### [What you will do]
Leave out the pictures and output exactly the lines below from the one with "Set of 5 Bath" down to the one with "New 2026 GMC", both of them included.

### [Provided data]
Content starts

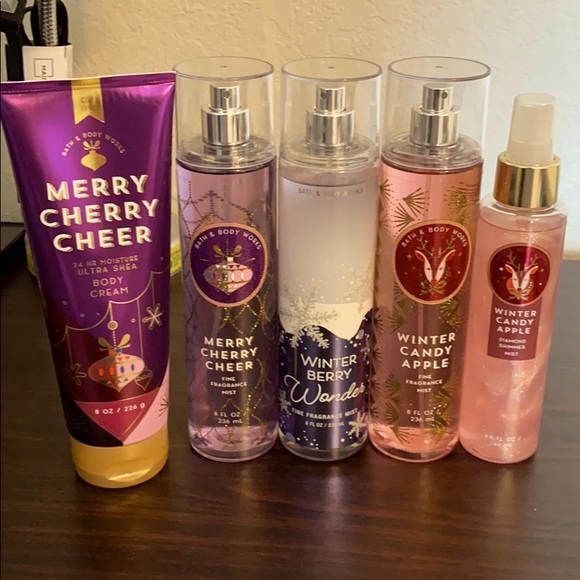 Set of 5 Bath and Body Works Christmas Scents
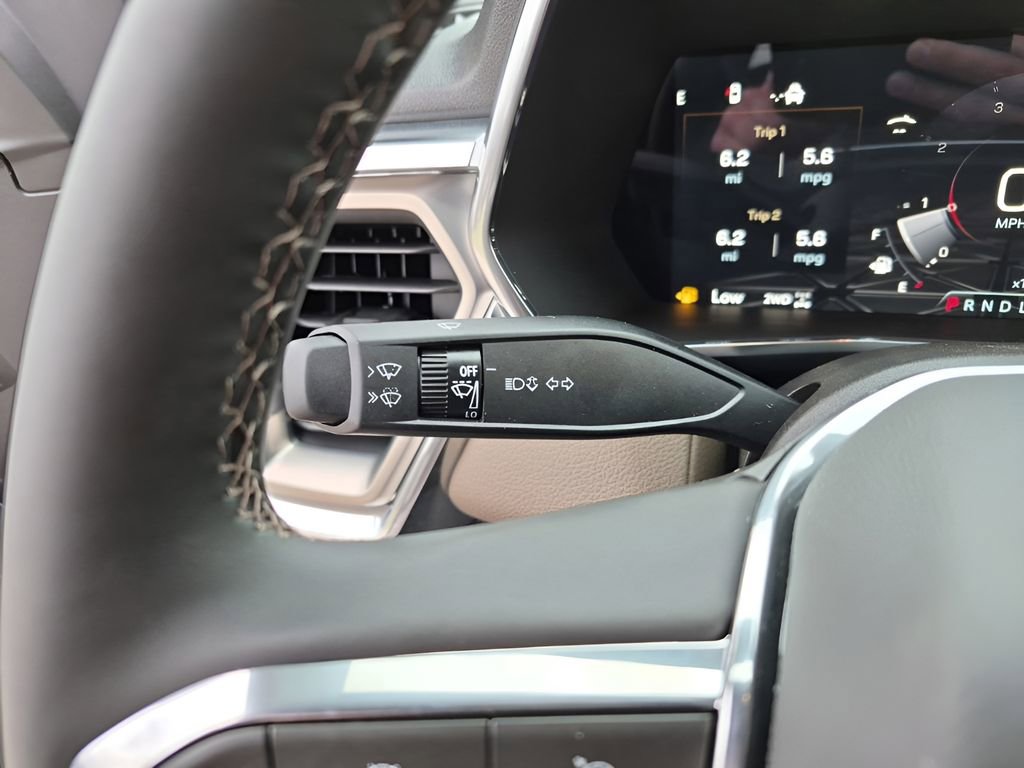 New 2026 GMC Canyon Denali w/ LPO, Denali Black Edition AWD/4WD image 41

Content ends
Content starts

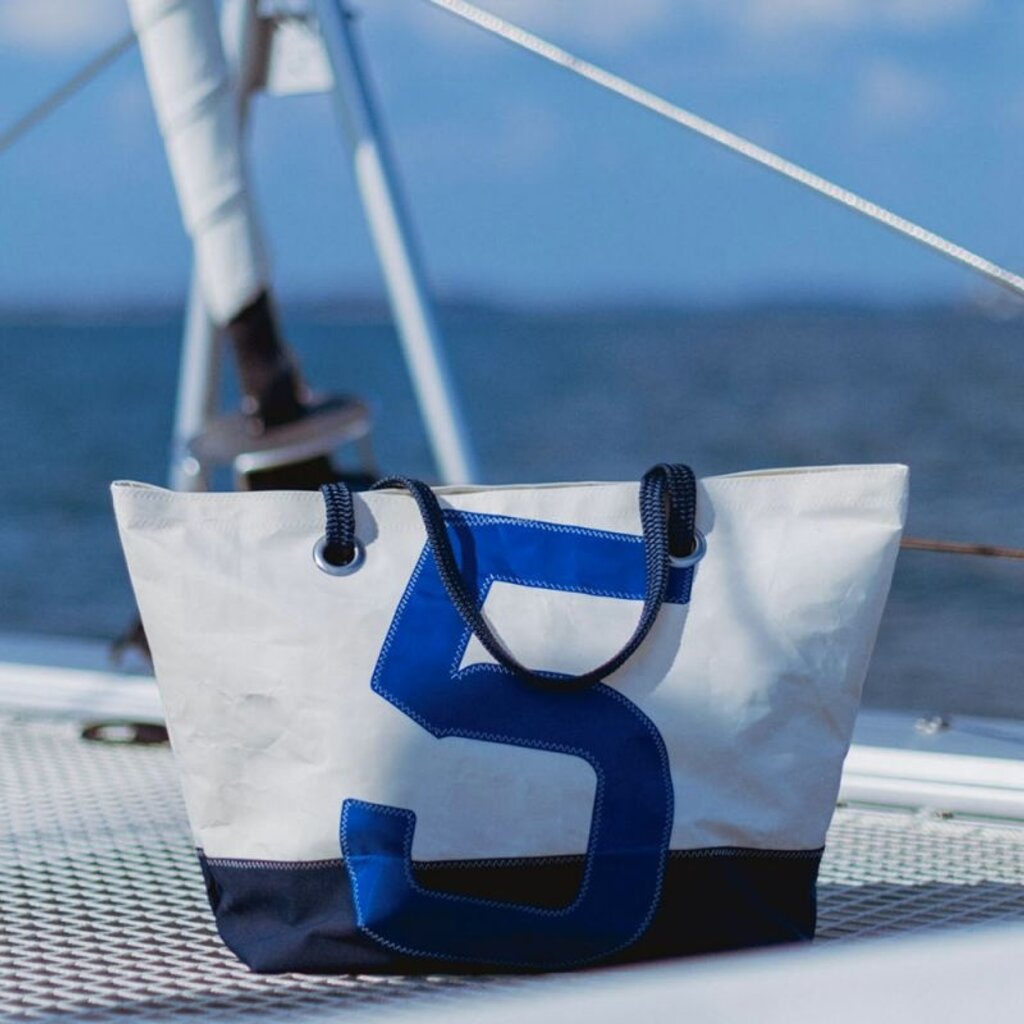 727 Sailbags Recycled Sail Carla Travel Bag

Content ends

### [Result below]
 Set of 5 Bath and Body Works Christmas Scents
 New 2026 GMC Canyon Denali w/ LPO, Denali Black Edition AWD/4WD image 41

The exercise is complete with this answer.